Emotional awareness and ability to regulate emotions
Emotional awareness is the ability to understand and express how we feel in response to things.
Resilient people are comfortable with their emotions and express them appropriately. They understand that they control their emotions and thoughts, and not the other way around. Resilient people may sometimes feel scared or sad, but they don’t get stuck in feeling that way or allow those emotions to stop them coping with a situation and moving on from it.
We all have impulses to do and say things when we feel angry, annoyed or frustrated, or are in any other highly emotive state. But these things are not always in our best interest or helpful to others.
Being resilient doesn’t mean curbing these impulses, but it does require you to stop acting on impulses that don’t serve you well.
Impulse control can be learned through the following four-step process:
- Stop and think (delay your response).
- Take deep breaths.
- Before you say anything, think of three possible responses. Choose the most constructive response.
Learning how to be optimistic can help protect against depression and anxiety. Optimism involves learning to think positively about the future – even when things go wrong. It’s about looking objectively at a situation, and making a conscious decision to focus on the positives – even in the most trying times. Optimistic people are happier, more engaged, more successful and better problem solvers than negative people. Optimism isn’t about seeing the world through rose-coloured glasses. It’s about knowing that life can be difficult and that you will encounter challenges, but feeling confident that you’ll be able to cope with whatever comes your way.
Flexible and accurate thinking
Being resilient is about being flexible. Being able to see a situation from different perspectives and to check if what we’re thinking is in fact correct helps us to build resilience.
We don’t often know why people say or act the way they do, and we don’t have any control over that. However, we can control our reactions to others and to situations. Flexible and accurate thinking allows you to come up with alternative solutions to a problem. Being able to come up with a Plan B, or even a Plan C, is a vital aspect of being resilient.
Empathy is the ability to recognise another person’s feelings and to respond accordingly and respectfully. Understanding another person’s emotions by putting ourselves in their place helps us to develop positive relationships with others. You are helping your child to develop empathy when you say things like, ‘How would you feel if…?’
You could use the following scenarios with your child to illustrate empathy:
- a friend is being bullied
- a friend’s pet dies
- a friend fails an exam
- a team mate loses the match for your side.

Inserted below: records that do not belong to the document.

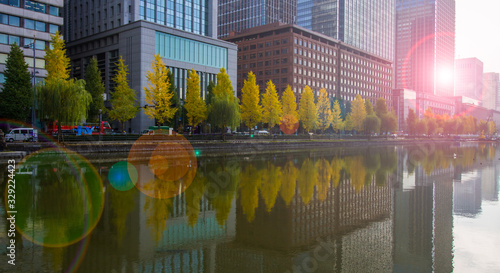 Photography Tokyo city autumn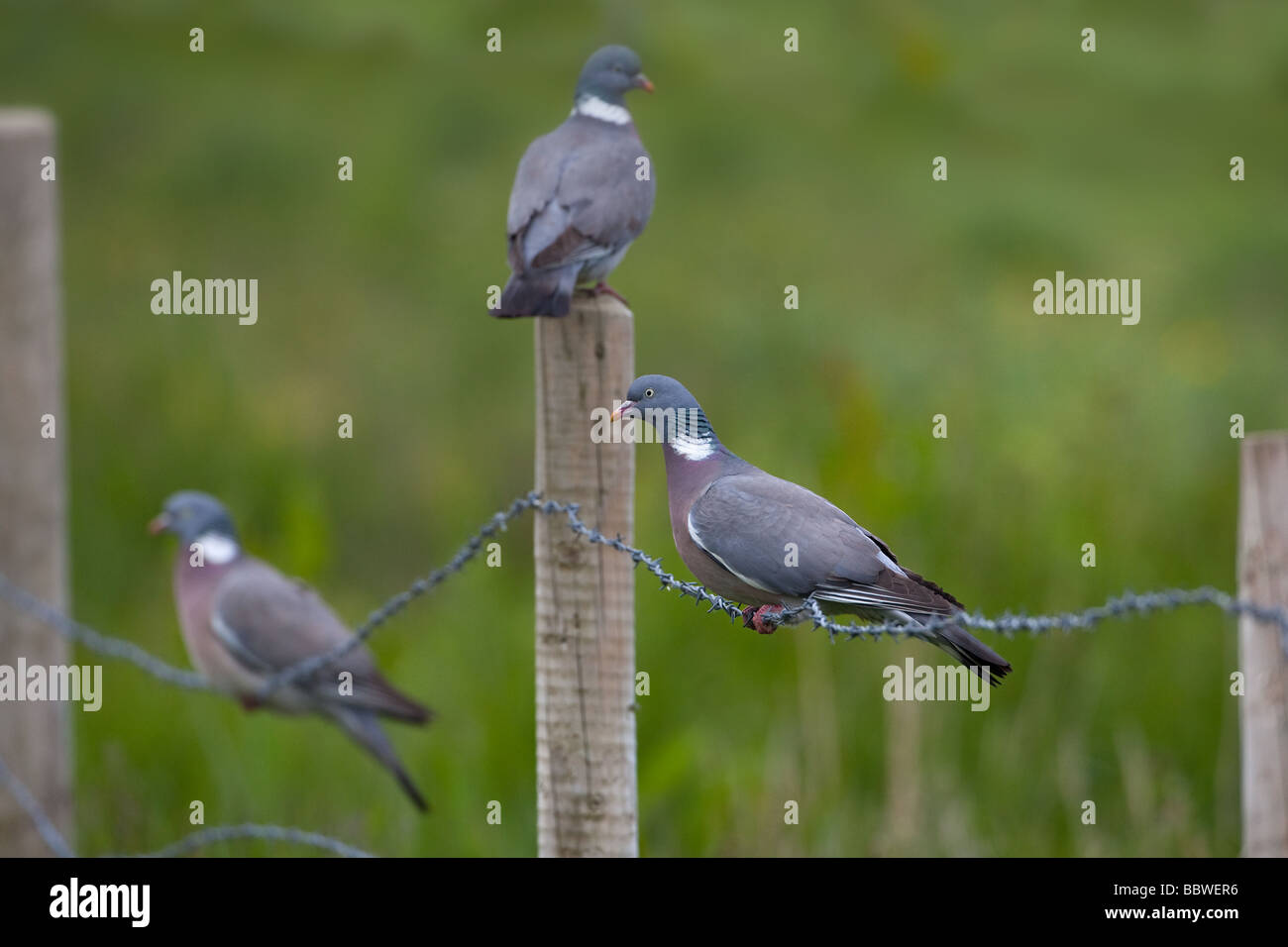 Ringeltauben Columba Palumbus thront auf Zaun Stockfoto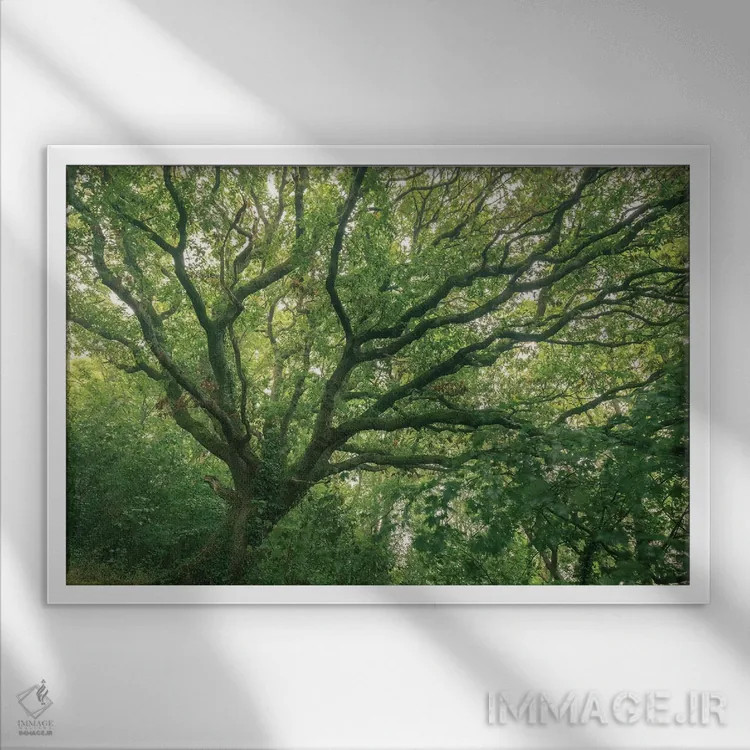تابلو جنگل بلوط اثر آدام برتون - نمای قابدار سفید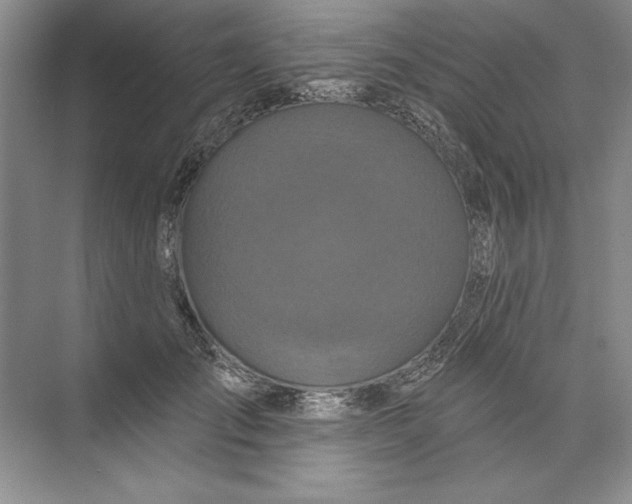 X0000074280701200609222243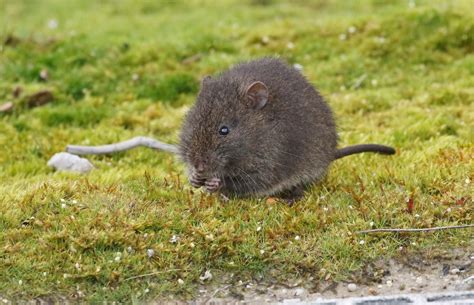 Australian Swamp Rat (Bowen Mountain bioblitz guide to mammals ...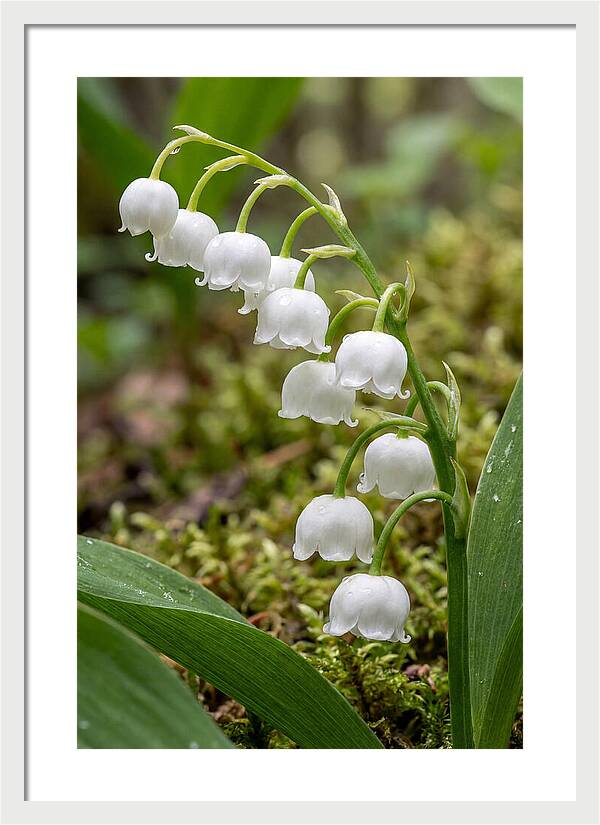 Lily Of The Valley
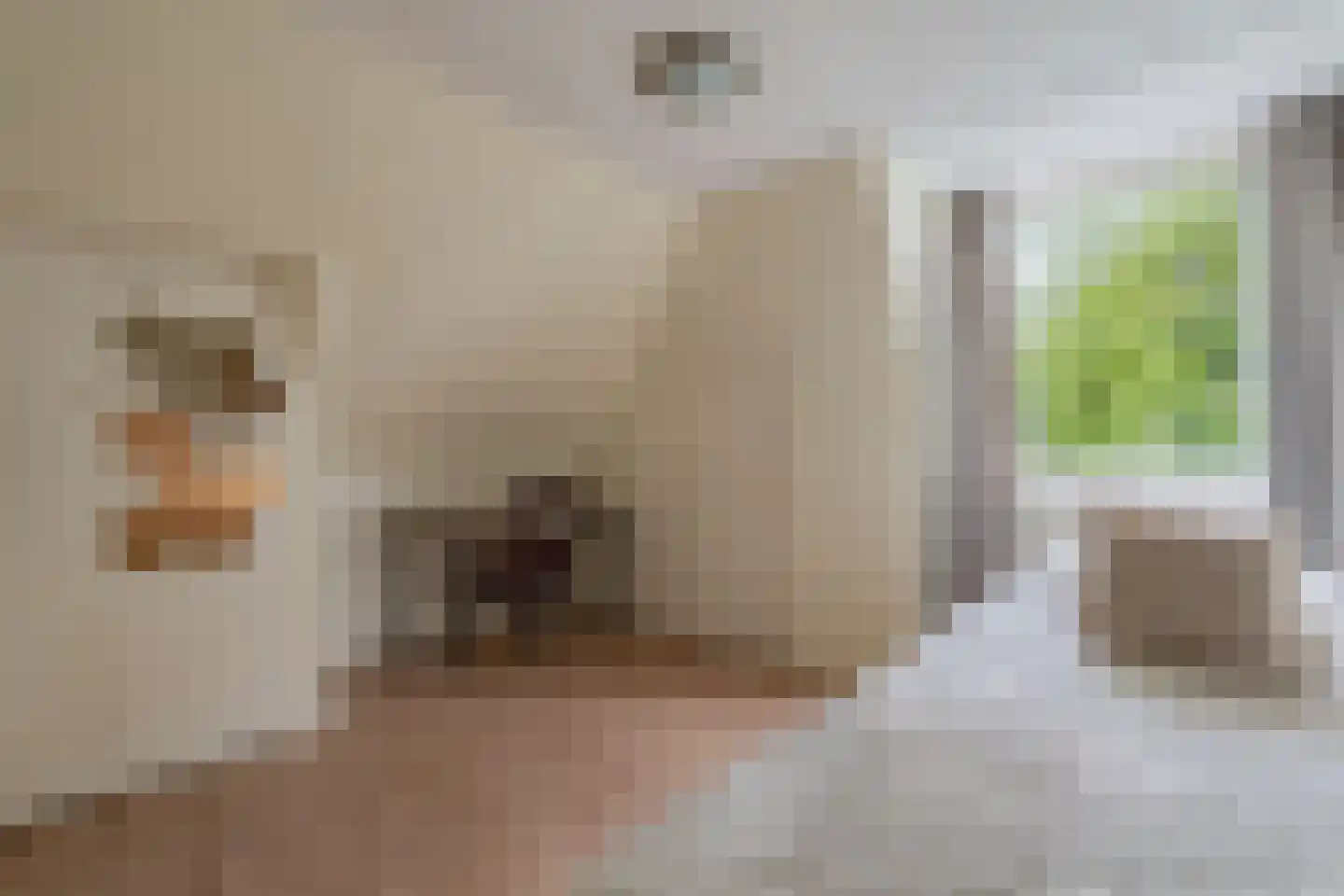 Spaarbankstraat 2 Franeker thumbnail 35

Psychologist Albert Bandura has defined self-efficacy as a person’s belief in their ability to succeed in specific situations or in accomplishing a specific task. Self-efficacy can play a major role in how someone approaches achieving goals, performing tasks and overcoming challenges.
Help your child to develop self-efficacy by asking them:
- What three things have you done in the past week that you did well?
- How did these make you feel?
- What three things have you completed in the past few months that other people have noticed?
- How did these make you feel?
Willingness to seek help and support
We all need help at times. Resilient people know when to ask for help and will reach out to others when they’re going through a tough time. You can encourage your child to develop help-seeking behaviours and reward them when they display them.